Suppose that we choose all families with two children, such that one of them is a son named Luigi. Given that the probability of a boy to be named Luigi is p, what is the probability that the other child is a son?
Here is a potential “solution.” Luigi is a younger brother’s name in one of the most popular video games: Super Mario Bros. Probably the parents loved the game and decided to name their first son Mario and the second Luigi. Hence, if one of the children is named Luigi, then he must be a younger son. The second child is certainly an older son named Mario. So, the answer is 1.
The solution above is not mathematical, but it reflects the fact that children’s names are highly correlated with each other.
Let’s try some mathematical models that describe how the parents might name their children and see what happens. It is common to assume that the names of siblings are chosen independently. In this case the first son (as well as the second son) will be named Luigi with probability p. Therefore, the answer to the puzzle above is (2-p)/(4-p).
The problem with this model is that there is a noticeable probability that the family has two sons, both named Luigi.

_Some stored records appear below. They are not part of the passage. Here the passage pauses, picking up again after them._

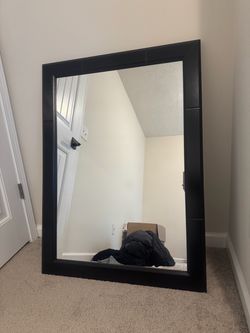 Dresser Mirror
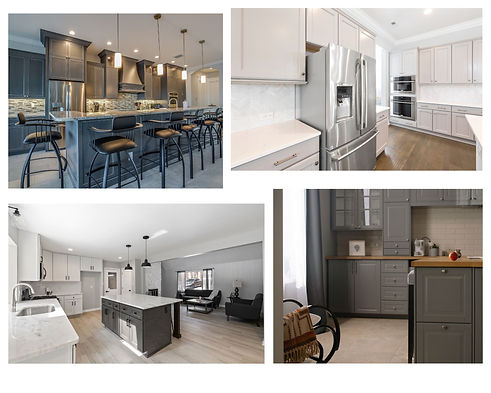 Kitchen Cabinet Painting in Schertz TX by Home Pros Painting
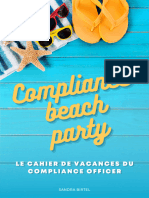 Cahier de Vacances de La Compliance 1689019271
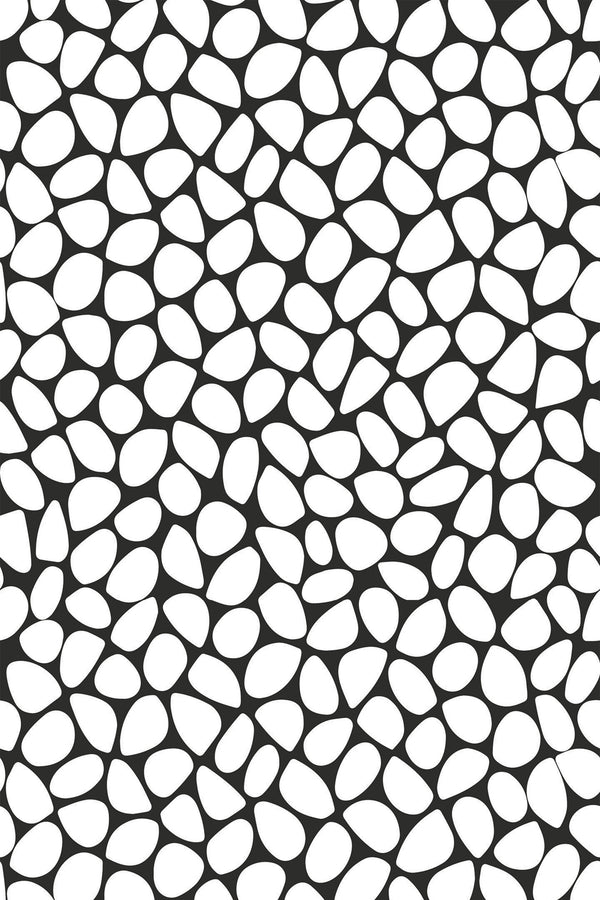 stone dots wallpaper pattern repeat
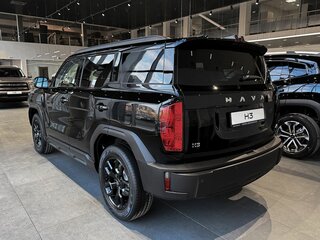 2026 Haval H3 I Рестайлинг, чёрный, 3049000 рублей, вид 3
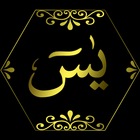آیکون‌ سوره یاسین  صدا و ترجمه
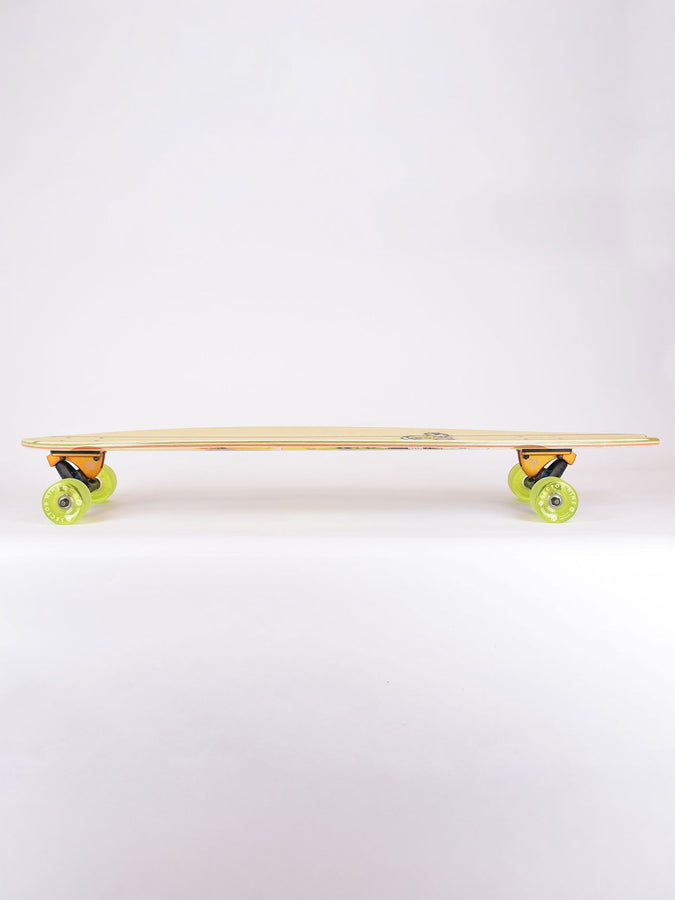 Sector 9 Offshore Temple 9.375'' X 39.5'' Complete Longboard | MULTI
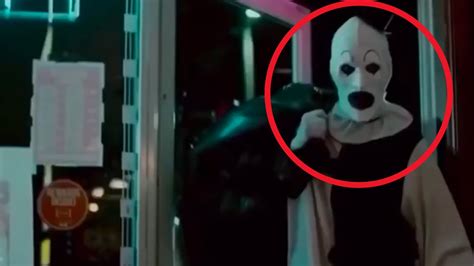 10 Disturbing Clowns Sightings Caught On Camera Youtube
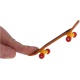 Vingerskateboard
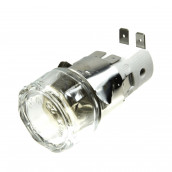 Oblò lampada completo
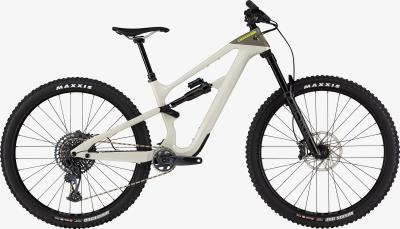 Cannondale Habit Carbon LT 1 Chalk 2022 - 29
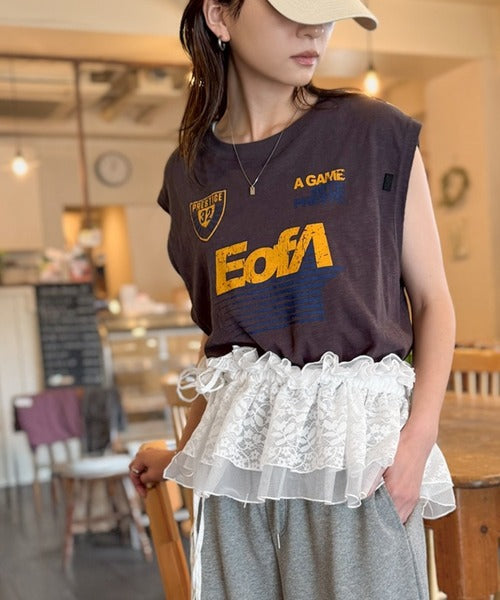 新品未使用タグ付 Bibiy MILLIE フリルショルダー ストラップ 完売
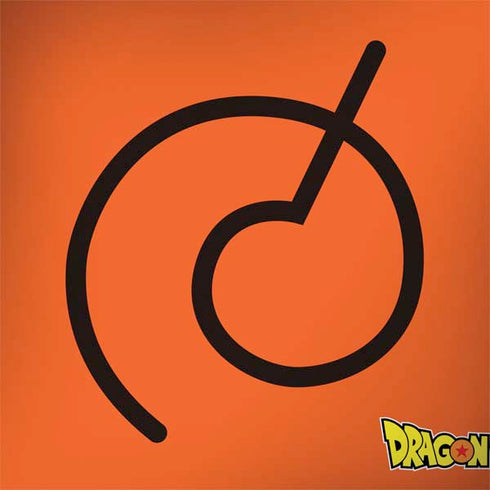 Dragon Ball Super Whis Symbol Lenovo ThinkPad Skin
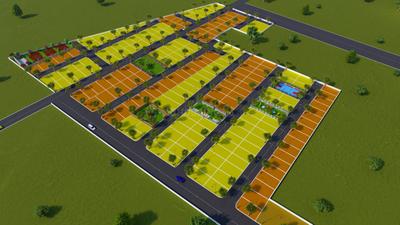 Image of 1000 Sq.ft Residential Plot / Land for sale in Rajaswa Nagar, Solapur for Rs. 1500000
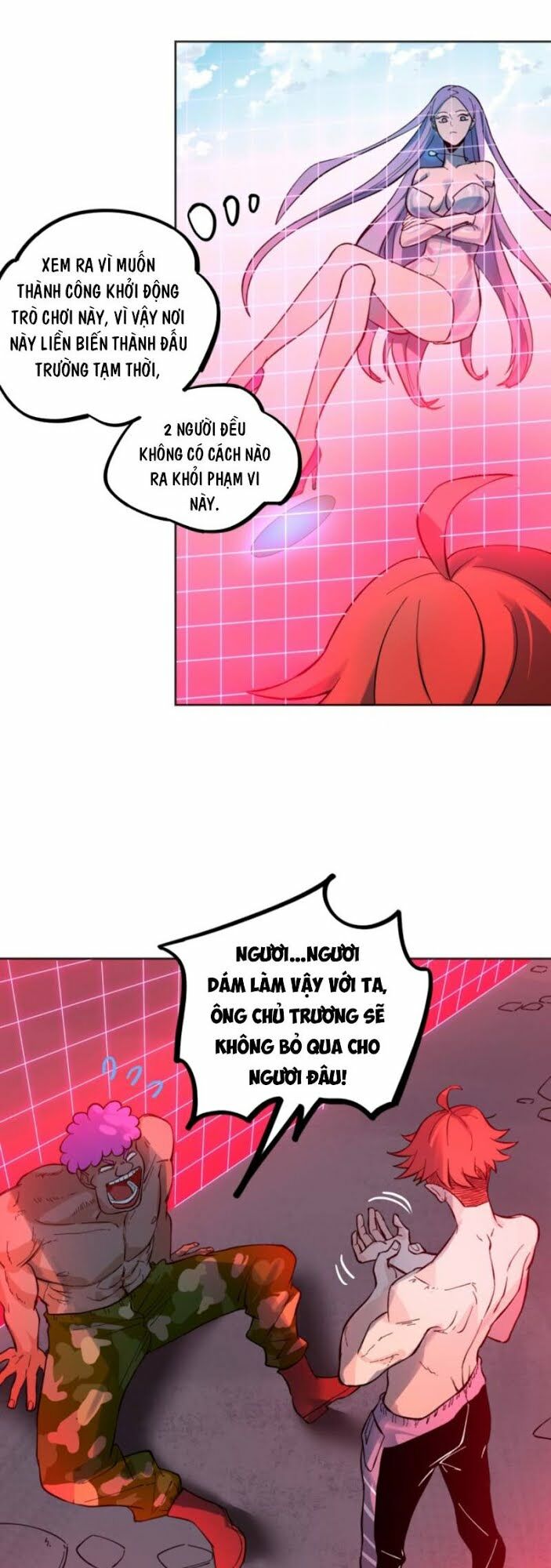 vô hạn khắc kim chi thần chapter 11 24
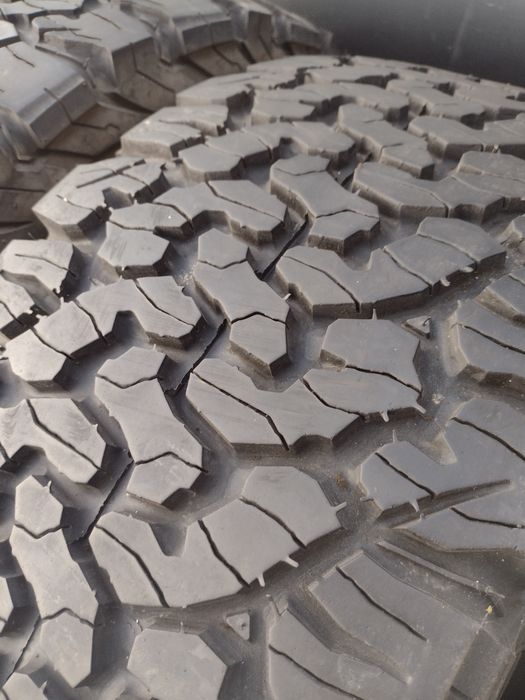 Топ състояние 4бр.265/60/18 BF Goodrich KO2 A/T dot5020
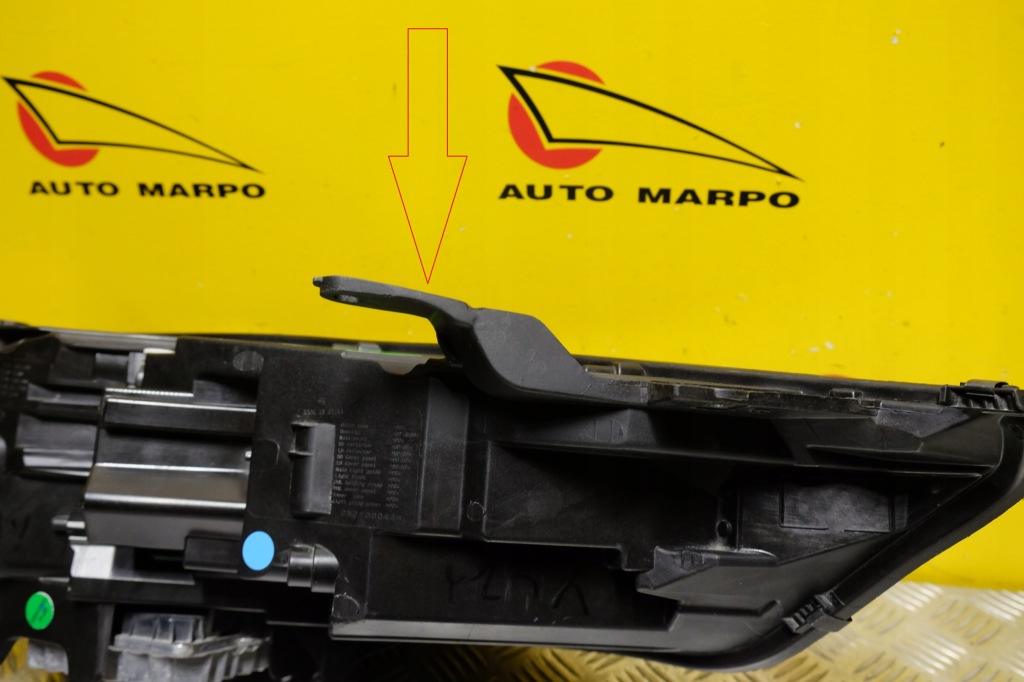 Buick envision 2021-2022 фара лампа full led левая америка Недорого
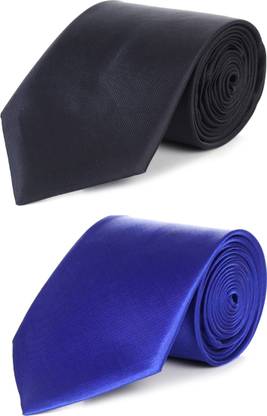 RANDOME STRIPE Solid Tie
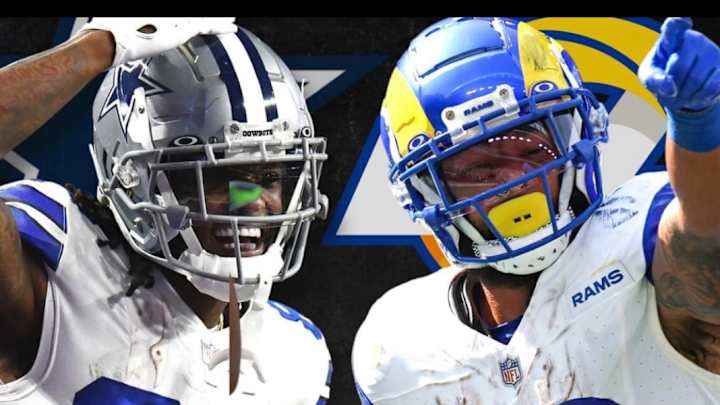 Cowboys Chaos? Rams Can Create NFC Playoff Problems With Win at Dallas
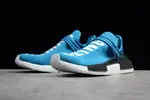 ADIDAS mens PW HUMAN RACE NMD 'PHARRELL' blue BB0618
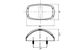 White - Marker Light 2 LED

As parents usually want to give different names to their children, many researchers suggest the following naming model to avoid naming two children in the same family with the same name. A potential family picks a child’s name at random from a distribution list. Children are named independently of each other. Families in which two children are named the same are crossed out from the list of families.
There is a problem with this approach. When we cross out families we may disturb the balance in the family gender distributions. If we assume that boys’ and girls’ names are different then we will only cross out families with children of the same gender. Thus, the ratio of different-gender families to same-gender families will stop being 1/1. Moreover, it could happen that the number of boy-boy families will differ from the number of girl-girl families.
There are several ways to adjust the model. Suppose there is a probability distribution of names that is used for the first son. If another son is born, the name of the first son is crossed out from the distribution and following that we proportionately adjust the probabilities of all other names for this family. In this model the probability of naming the first son by some name and the second son by the same name changes. For example, the most popular name’s probability decreases with consecutive sons, while the least popular name’s probability increases.
I like this model, because I think that it reflects real life.
Here is another model, suggested by my son Alexey. Parents give names to their children independently of each other from a given distribution list. If they give the same name to both children the family is crossed-out and replaced with another family with children of the same genders. The advantage of this model is that the first child and the second child are named independently from each other with the same probability distribution. The disadvantage is that the probability distribution of names in the resulting set of families will be different from the probability distribution of names in the original preference list.
I would like my readers to comment on the models and how they change the answer to the original problem.